IEEE Brings Standards Education to the Capstone Design Conference

| Jennifer McClain, David Law

capstone design conferenceThe Capstone Design Conference, held every two years, offers a forum for faculty, administrators, industry representatives, and students to share ideas about improving design-based capstone courses. Capstone courses, also referred to as senior design courses, are for undergraduate engineering students in their last year of study.

The IEEE Standards Education Committee (SEC) sponsored panel sessions at the last two Capstone Conferences in 2012 at the University of Illinois at Urbana–Champaign and at The Ohio State University in Columbus, Ohio, in 2014. The upcoming conference on 6-8 June 2016, is once again at The Ohio State University, and this time IEEE will run a very unique workshop for attendees.

On Monday, 6 June 2016, IEEE is offering a Workshop on Technical Standards and Consensus Building. Representatives of the IEEE SEC will facilitate an interactive consensus-building exercise in which attendees take on the roles of different members of a standards working group tasked with developing a new technical standard. The workshop aims to demystify how standards are developed and used, and will provide ideas on how capstone instructors can bring industrial standards that students are likely to encounter in the workplace into classroom and design experiences.

These workshops have been run seven times over the past few years with mostly university undergraduate and graduate students in attendance.

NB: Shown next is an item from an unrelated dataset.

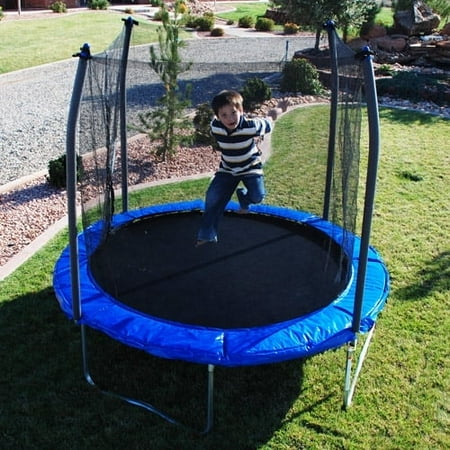 Skywalker Trampolines 8' Trampoline, with Safety Enclosure, Blue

This will be the first time the workshop is tailored specifically for educators who may want to use the exercise to teach about standards as part of their coursework.

Workshop Objectives:

  • To facilitate a better understanding of the importance of standards to industry and demonstrate the fundamentals of standards development.
  • To provide specific ideas for using standards and standards development in capstone courses.
  • To discuss new ways for meeting some key Accreditation Board for Engineering and Technology, Inc. (ABET) criteria, including:
    • an ability to function on multidisciplinary teams;
    • an understanding of professional and ethical responsibility;
    • the broad education necessary to understand the impact of engineering solutions in a global, economic, environmental, and societal context;
    • a recognition of the need for, and an ability to engage in, life-long learning;
    • a knowledge of contemporary issues.
  • To provide information on new standards education tools.
  • To enable a fuller understanding of the economic, political, and technical realities of standards development.
  • To put participants into the role of a working group member and to enable a better appreciation and understanding of motivation and dynamics in that environment.

Workshop Outcomes:

At the end of the workshop, participants will:

  • Have a better understanding of the importance of standards to industry, and see industrial standards as catalysts for technological innovation and global market competition.
  • Have specific ideas for how to incorporate new standards education tools into capstone coursework.
  • Have a better understanding of how these tools can help meet certain ABET criteria.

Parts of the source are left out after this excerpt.